She can make out the skeleton of the car beyond the blaze, imagining that she sees the silhouettes of the driver and passenger still strapped in their seats. But how could anyone have survived such an explosion intact?
Bizarrely, traffic continues to move along the Boulevard de Magenta, but slowly, like a river of coagulating blood. Neon lights still glow in the dark, the final moments of normality frozen in time. But the hope that she might save her marriage is gone. Because she knows, with a deep, hollowing sadness, and beyond any shadow of a doubt, that he is dead.
CHAPTER ONE
The last hours of their life together replayed themselves through a thick fog of painful recollection. Did people really change, or was it just your perception of them? And if that was true, had you ever really known them in the first place?
The change in a relationship happens slowly, without you really noticing at first. Like the transition between spring and summer, or summer and autumn. And suddenly it’s winter, and you wonder how that dead time managed to creep up on you so quickly.
It wasn’t winter yet. Relations between them hadn’t got quite that cold. But there was a chill in the air which seemed to presage the plunge of Arctic air to come, and as they moved with the flow of the crowds leaving the Parc des Expositions, Niamh shivered, even though the air of this September evening was still soft and warm. Only the fading light betrayed the changing season.
It was standing room only on the RER, and the train rattled and clattered its way through the north-eastern banlieues of Paris. Villepinte, Sevran Beaudottes, Aulnay-sous-Bois, where no one got on or off. She was uncomfortable, bodies pressing in all around her, male and female. The smell of garlic on sour breath, of sweat on man-made fabric, faded perfume, hair gel. Her knuckles glowed white, fingers clutching the chrome upright to keep her from falling as the train decelerated and accelerated, in and out of stations, and she tried to hold her breath.
Ruairidh was sandwiched between a tall man with an orange face who painted his eyebrows and wore lipstick, and a girl with tattoos engraved on every visible area of skin. Her dyed black hair and facial piercings seemed dated. Goth. Retro. Niamh saw Ruairidh force a hand into his pocket to retrieve his iPhone. The glow of its screen reflecte
d briefly in his face and drew a frown that gathered between his eyes. He stared at it for a very long time before glancing, suddenly self-conscious, towards Niamh and thrusting the phone back in his pocket.
There was an exodus of passengers at the Gare du Nord, but a fresh influx of bodies from a crowded platform, and it was not until they got off at Châtelet les Halles that she was able to ask him about it. “Bad news?”
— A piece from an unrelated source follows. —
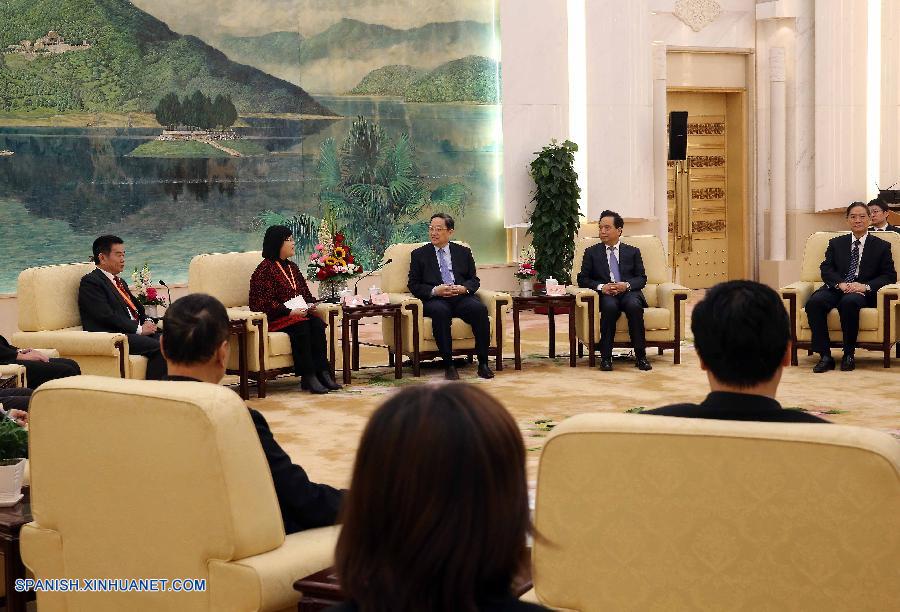 Máximo asesor político chino acoge a sindicatos de Taiwan a cooperar a través del Estrecho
He glanced at her as they climbed the steps to the street, and the same frown regrouped around the bridge of his nose. “Bad news?”
“Your email. Or was it a text?”
“Oh. That. No. Nothing.” He shrugged an uncomfortable indifference. “Shall we get a taxi?”
The Whisky Shop Paris threw light out across the Place de la Madeleine, casting shadows among the trees in the gathering gloom. Inside it seemed unnaturally bright, hanging globes reflecting light from white walls, whisky bottles glowing amber on lines of glass shelves. The sweet smell of it permeated the air like perfume. A girl took their coats at the foot of the stairs, and they climbed to the reception room on the first floor.
Harris Tweed Hebrides had imported two young island lads to provide the Celtic entertainment, and they stood in a corner, accordion and violin infusing the atmosphere, like the whisky, with a sense of home. Incongruous here in the heart of the French capital.
Ruairidh accepted his whisky cocktail, but Niamh was not in the mood for alcohol and they stood self-consciously amidst the buyers and designers and agents, feeling oddly alien. Their hosts, after all, were really the competition, though they clearly didn’t see themselves as such, and were happy to share a stand with Ranish Tweed at Première Vision. They were all Scots, weren’t they? Islanders. Selling the Hebrides as much as their cloth.
Different markets anyway.
Ruairidh was examining his phone again. “I’m going to have to go to the offices of YSL after we get back to the hotel.”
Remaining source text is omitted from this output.